The legal sector argues the lack of affordable legal help is the result of successive government funding shortfalls.
In the most recent budget, the Morrison Government proposed an extra $20 million in baseline funding from next year.
The Law Council of Australia, the National Association of Community Legal Centres and other groups called that insignificant, citing a 2014 Productivity Commission report that put an acceptable figure at about $200 million.
In April, a Senate committee recommended the Federal Government put a levy on the largest financial institutions to raise funds for legal assistance and financial counselling for individuals and small business owners.
The Attorney-General’s Department told the ABC it was currently considering the Senate report’s findings, and noted the Government was reviewing funding for financial counselling.
While those who fought a financial service provider told the ABC they struggled to find a lawyer to help them, that was just one issue.
Just as many said that the solicitors and barristers representing their opponents took advantage of their unfamiliarity with the courts, delaying proceedings and refusing to cooperate.
“One of the frustrations we find, even at the very initial stages of trying to advise people about their rights, is that financial service providers are either unwilling or unable to provide relevant documentation,” Mr Brody said.
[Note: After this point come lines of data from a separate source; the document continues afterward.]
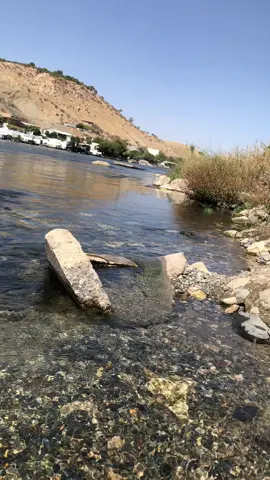 #ppppppppppppp #رعدالناصري كون عندي جناح 🪽.      PPPPPPPPPPPPPPPPPPPPP @♡ الہٰشيٰخ ♡ @⌇الايطاليه🇮🇹⌇ @𝘽𝙍𝙃𝙈²⁰⁰⁷   غرير وعز غرير طشششوني #لايكات 🔫 🔫 اربيل سلايمانيه دهوك زاخو جبل ازمر 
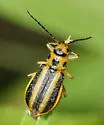 Trirhabda borealis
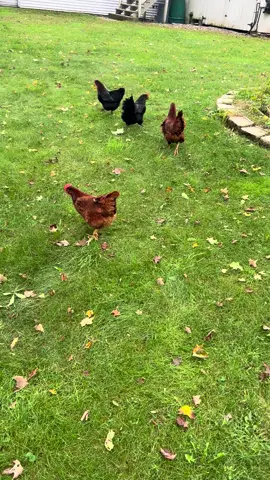 Tuesday morning with the girls.  #garden #gardening #backyardgarden #backyardgardening #backyardgardener #hilltopgarden #backyard #growyourownfood #growing #greenhouse #greenhousegardening #ctgrown #smallgardens #chickens #chickencoop #aframe #egg #eggs #backyardchicken #rhodeislandred #sexlinkchickens 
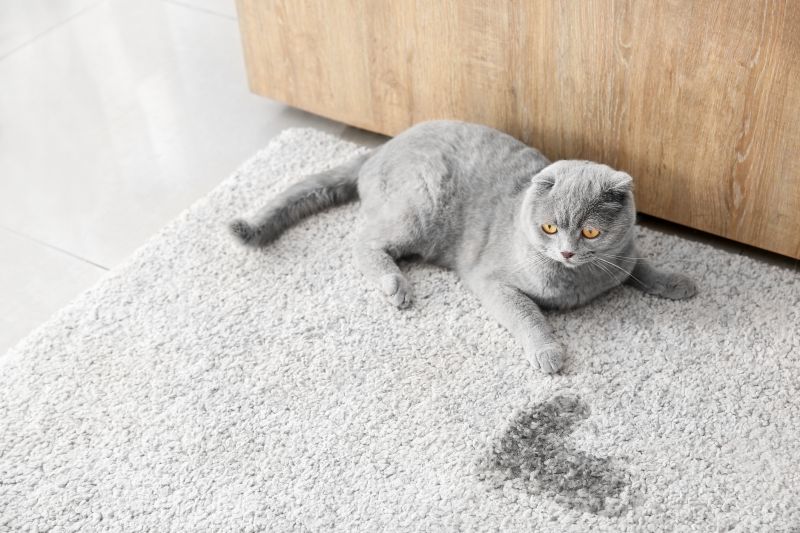 Pet Stain Treating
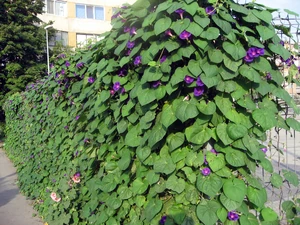 Ipomoea purpurea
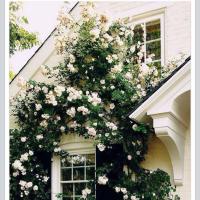 السيده الراسيه (@mrs_1941) 's Twitter Profile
He said that, like governments, banks should be subject to model litigant rules, requiring their lawyers act fairly, not take advantage of opponents without resources and not rely on technical defences to beat claims.
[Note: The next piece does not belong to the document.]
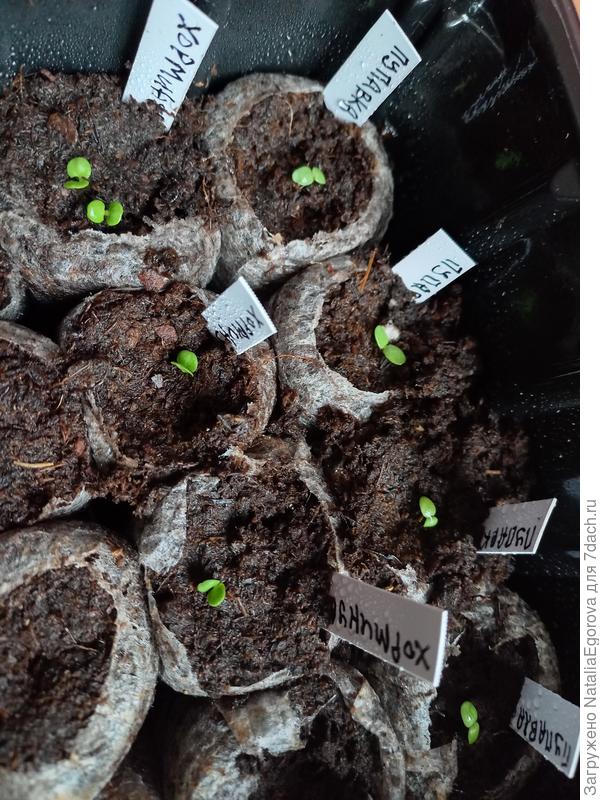 А вот эти всходы уже в торфяных таблетках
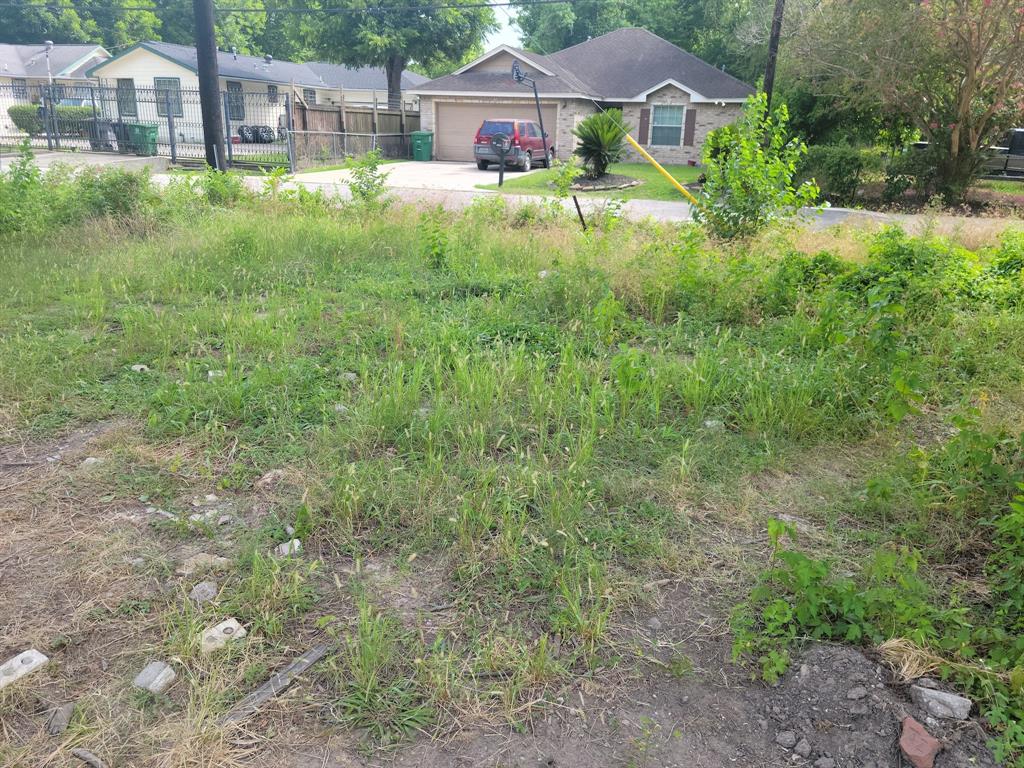 a view of backyard of the house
“The law should never be used as a weapon,” Arthur Moses SC, president of the Law Council, the peak body for the legal community, said.
“Lawyers are expected to demonstrate appropriate patience during a trial involving unrepresented parties, as the courts recognise that unrepresented litigants may require additional support in terms of procedural explanation from the court.”
However, self-represented litigants told the ABC that support was rarely forthcoming.
They felt talked-down-to by judges and registrars and that their relative inexperience in court — one referred to themselves as “a penguin in the desert” — was glossed over during highly complex hearings.
As Mr Shannon, clearly still bruised by his experiences, said: “If you are not a lawyer, and you are not represented, you are treated as dirt.”